The right to education, in India, may be seen as a natural extension of the argument for the expansion of the scope of the right to life and personal dignity. The Supreme Court, by introducing the right to life as a qualitative concept as under Article 21, has ensured that any aspect that falls under establishing ‘quality of life’ falls under the wider ambit of Article 21. As a result, many Directive Principles of State Policy that were hitherto unenforceable and non-justiciable have become enforceable under Article 21. Further, the Supreme Court has also implied a number of fundamental rights from Article 21 even though these rights have not been expressly provided for under the Constitution. The right to education as under Article 21A of the Constitution is perhaps the most important of these implied rights. The word ‘life’ has been held to include ‘education’ as education is one of the important, perhaps the most important of the necessities to a life of human dignity.0

The right to education in India was granted as a Fundamental Right under the Constitution by the 86th Amendment Act of 2002, under Article 21A that “the State shall provide free and compulsory education to all children of the age of six to fourteen years in such manner as the State may, by law, determine.” As the Supreme Court famously held in the case of Mohini Jain v. State of Karnataka, that the right to education flows directly from the right to life and that the right to education was concomitant to the fundamental rights. The court opined “it becomes clear that the framers of the Constitution made it obligatory for the State to provide education for its citizens”0 right to education is indeed imperative to ensure the right to life and personal dignity of every Indian citizen. The Court further reiterated this position in the case of Unni Krishnan v. State of Andhra Pradesh.0

While this article granted the right to free and compulsory education for children aged between six and fourteen years of age, the amendment also substituted the following provision for early childhood care and education to children below the age of six years, in the place of Article 45 as a Directive Principle of State Policy.

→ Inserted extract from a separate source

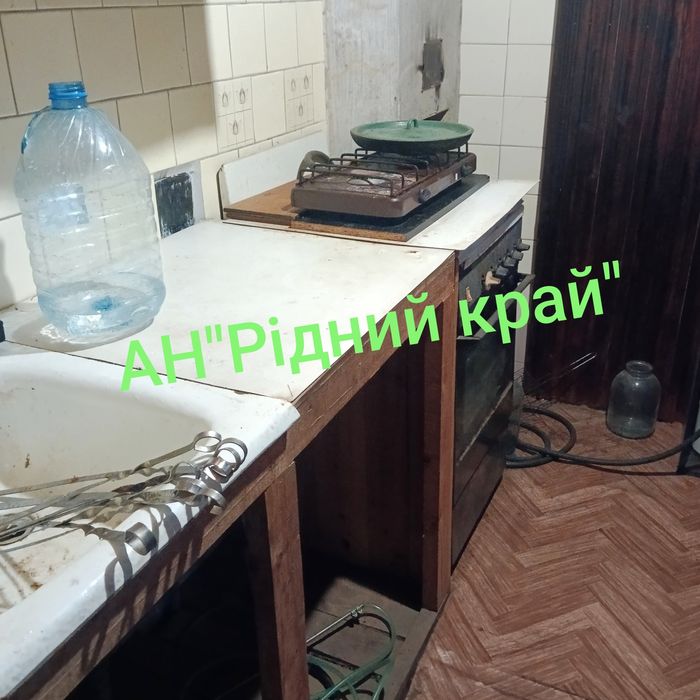 Продамо 2у цегляну дачу недалеко від пляжу " Гаваї."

4.2. The Link between Education and Copyright

Given the recognised need for and promise of distance education, the incredibly high costs of educational materials in the developing world, and the prevalence of piracy, the importance of copyright law for developing countries is clear. Developing countries must structure their copyright laws in ways that maximise the availability of low cost books, as well as the ability of educational institutions to provide learning materials through distance learning programs without having to pay prohibitively high royalties.0

The link between copyright and learning is indeed an old one, and the free dissemination of knowledge and culture has always informed the normative spirit of copyright law. The first copyright statute, The Statute of Anne, was titled An Act for the Advancement of Learning. This approach, which emphasised public interest in the circulation of knowledge, was the philosophical basis for granting limited exclusive rights to authors. Today, the concern for the public interest has been recognised by all major international institutions and clearly articulated in all major instruments tasked with the global regulation of copyright.0

5. Understanding Access to Knowledge and Disability



5.1. Access to Knowledge

Another important aspect that should be considered while broaching this delicate issue of copyright infringement is access to knowledge. It is impossible for people belonging to different socio-economic backgrounds to have similar access to books and knowledge. It is also not very prudent to expect everybody to be able to buy and utilise many books that seem to cost a fortune these days. This issue was addressed in the United States of America in the case of Aaron Swartz0 who believed that locking up access to knowledge behind the barriers of money by powerful publishing companies and online databases was socially detrimental to the world. This profited only a few rich people and caused the entire world to lose out on vital knowledge and information. The authors did not profit from the activities of these copyright holders. They wanted their work to be accessed and used by students and other people for research purposes. They wanted to impart knowledge. He believed that access to knowledge should be free.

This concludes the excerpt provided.